:: TASK DIRECTIONS ::
In the entries below, find the line with "Witmer Casa |" and transcribe it and every line after it exactly, through the last line, without pictures.

[Opening RECORD EXTRACTS section]

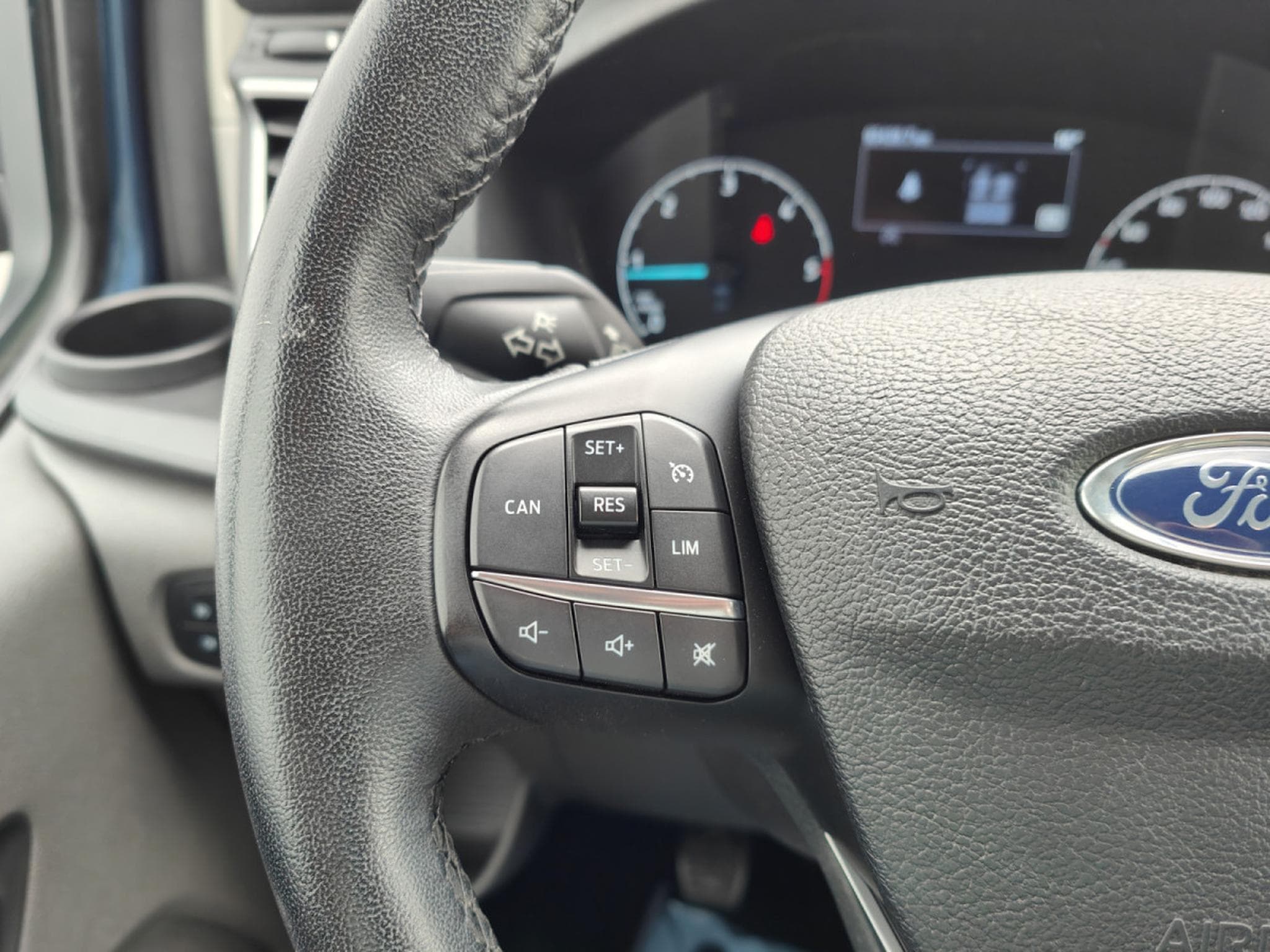 Ford Tourneo 2.0 TDCI L2H1 5 PLACES CARPLAY CAMERA GPS BLUETOOTH (2021) - Photo 19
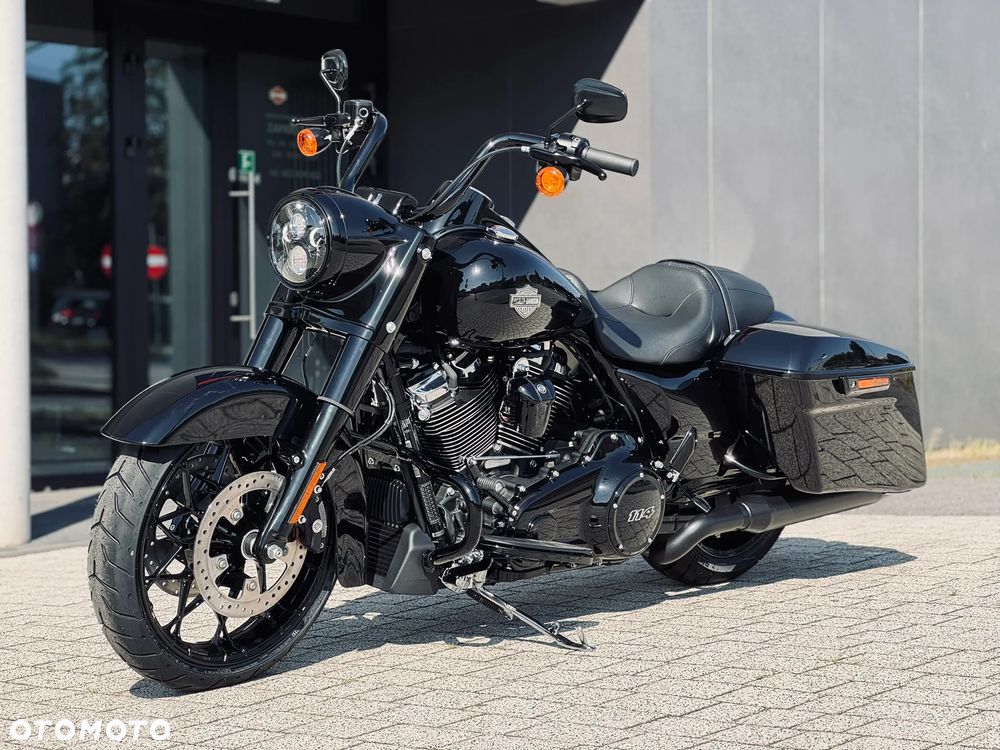 Harley-Davidson Touring Road King - 16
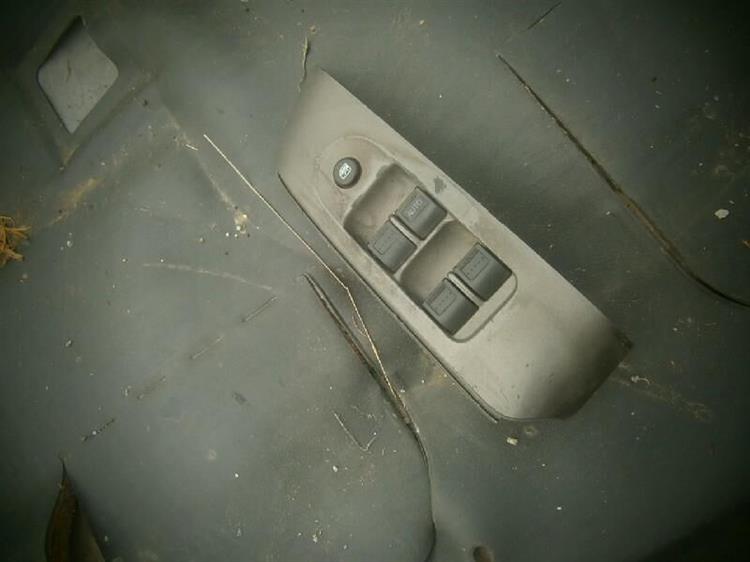 Блок упр. стеклоподъемниками Хонда Фит в Таганроге 75003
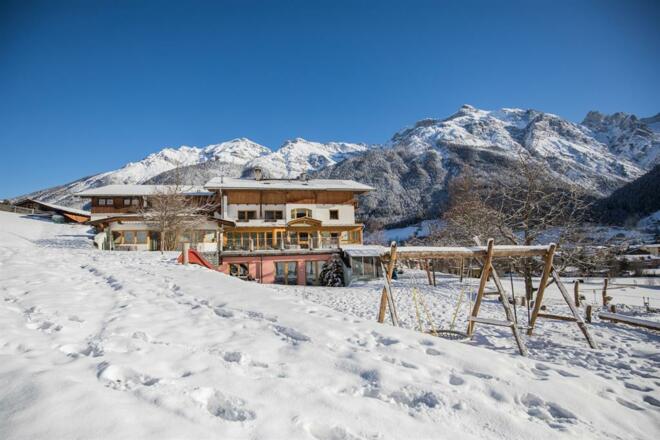 Pension Ladestatthof im Winter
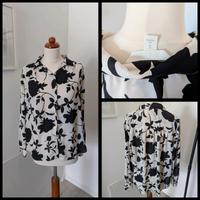 Schwarz weiße Bluse mit Blumenmuster von H&M Nordrhein-Westfalen - Steinhagen Vorschau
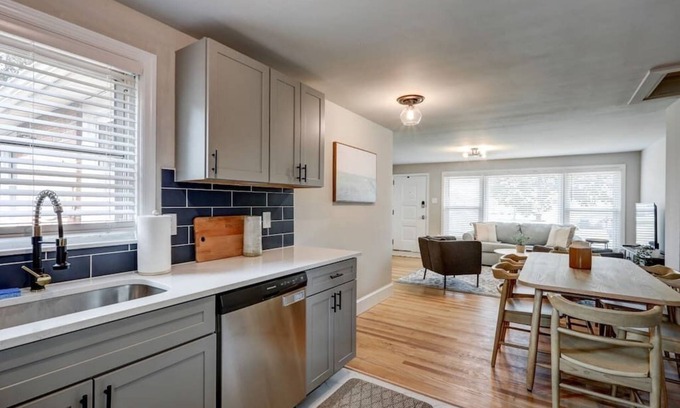 Witmer Casa | Renovated 2 BR home close to Lancaster attractions
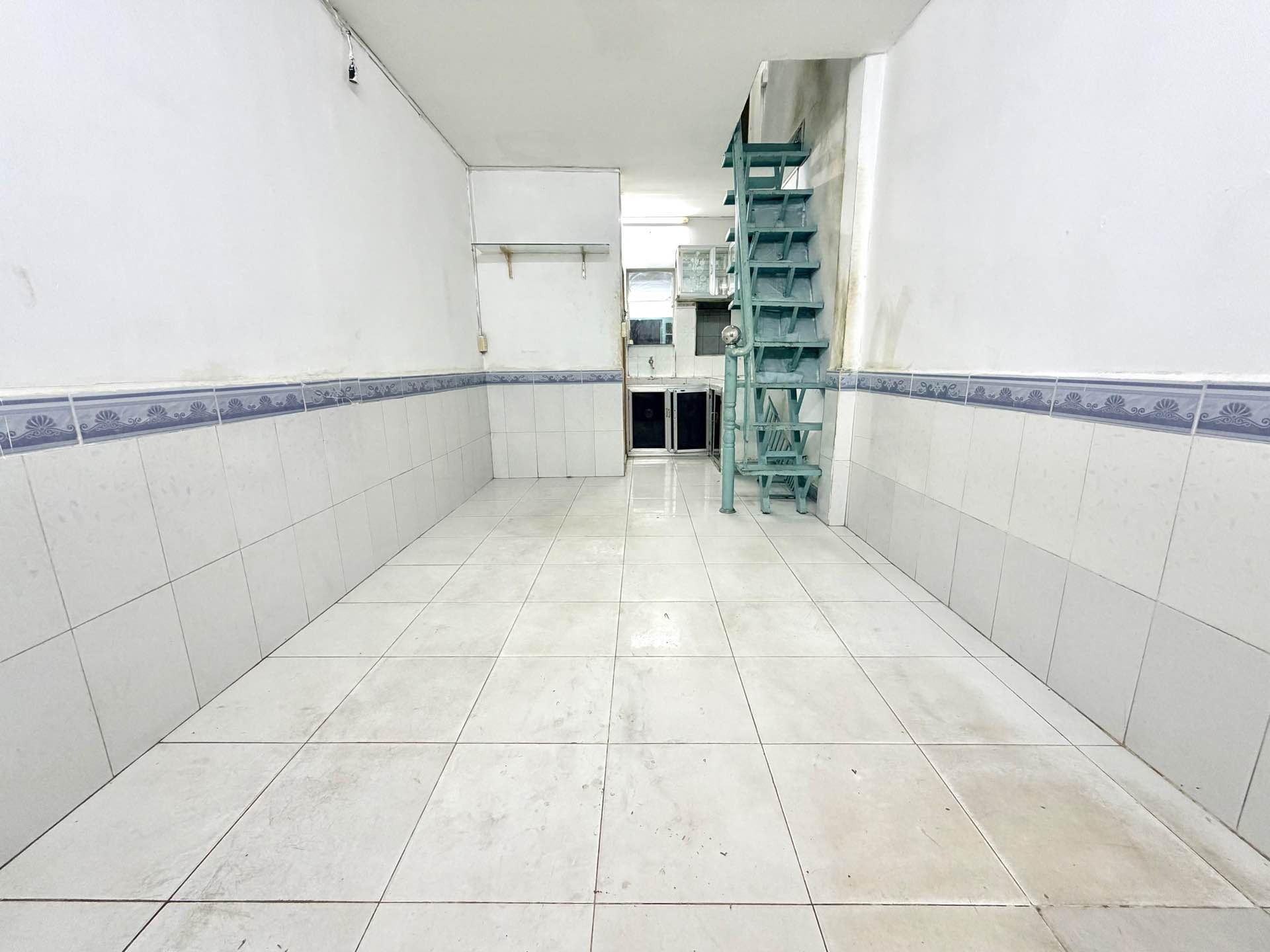Bán Nhà 2 Tầng Bình Thạnh Ngay Chu Văn An - Gần Hẻm Ô Tô - Sổ Hoàn Công - Giá 2.55 Tỷ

[Closing RECORD EXTRACTS section]

:: EXERCISE RESPONSE ::
 Witmer Casa | Renovated 2 BR home close to Lancaster attractions
Bán Nhà 2 Tầng Bình Thạnh Ngay Chu Văn An - Gần Hẻm Ô Tô - Sổ Hoàn Công - Giá 2.55 Tỷ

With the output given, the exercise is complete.